---------- Source material ----------

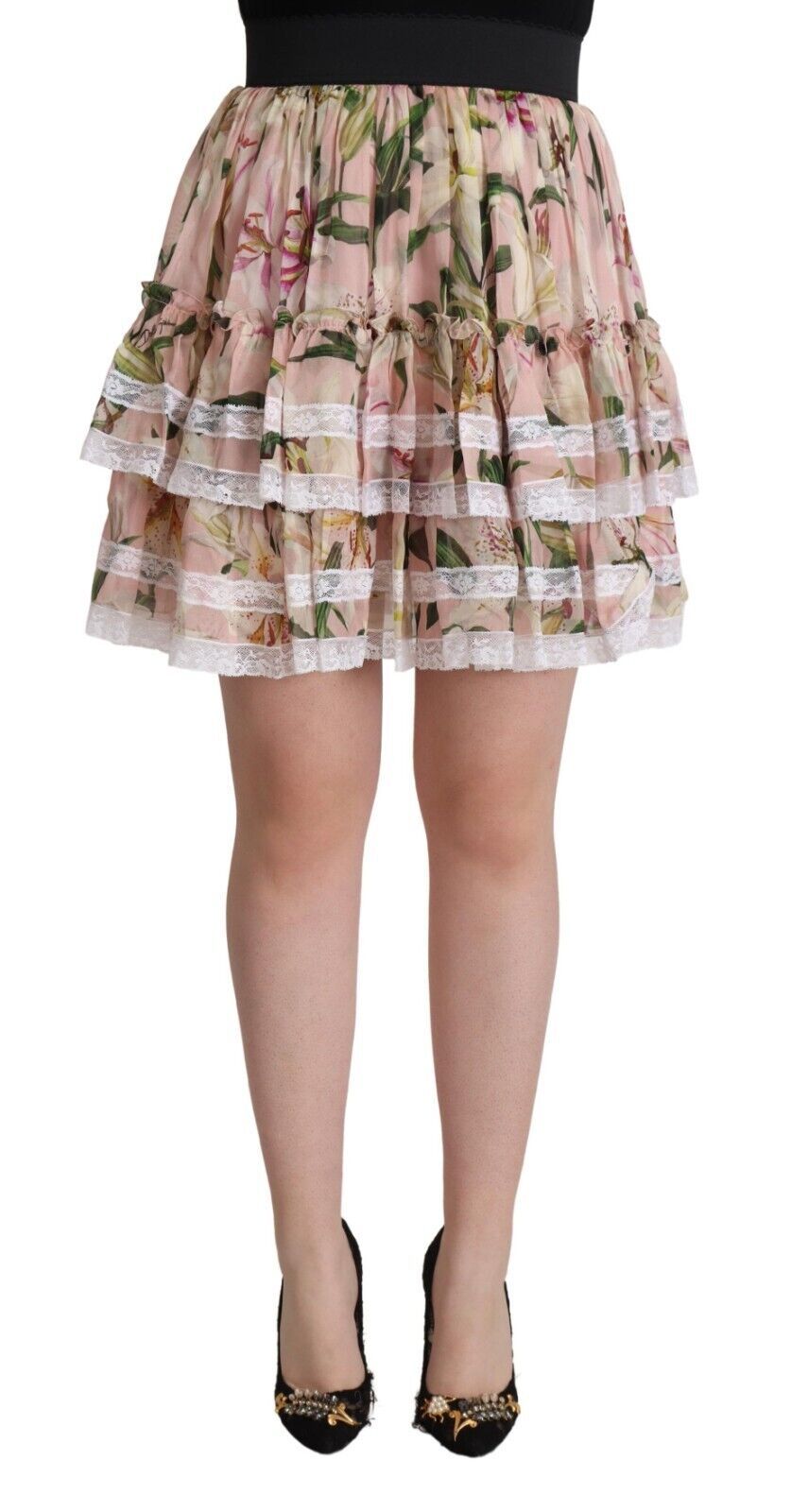 Elegante minifalda escalonada de corte A con estampado de lirios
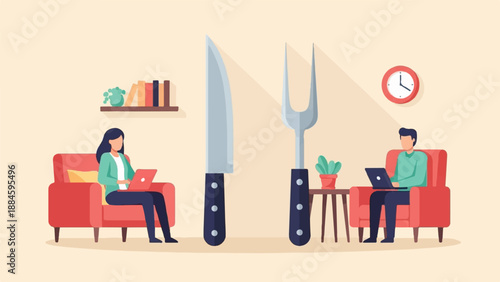 Two people working on laptops in a minimalist room with large cutlery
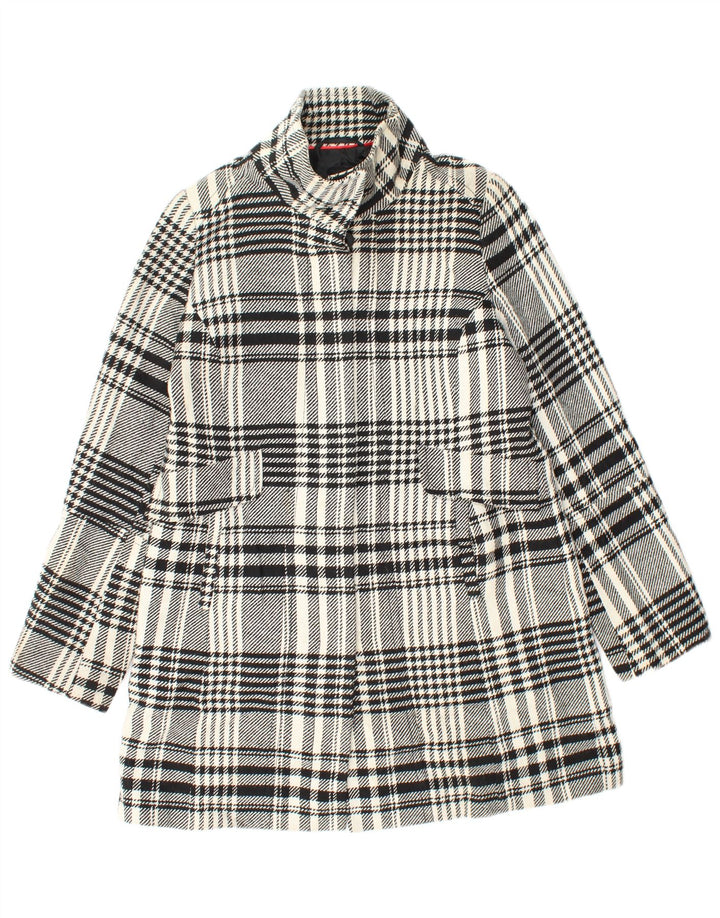 OASIS Womens Overcoat UK 14 Medium White Check Acrylic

----------

• About this exercise: Write out the material above exactly. Skip the pictures.

• Task answer:
 Elegante minifalda escalonada de corte A con estampado de lirios
 Two people working on laptops in a minimalist room with large cutlery
 OASIS Womens Overcoat UK 14 Medium White Check Acrylic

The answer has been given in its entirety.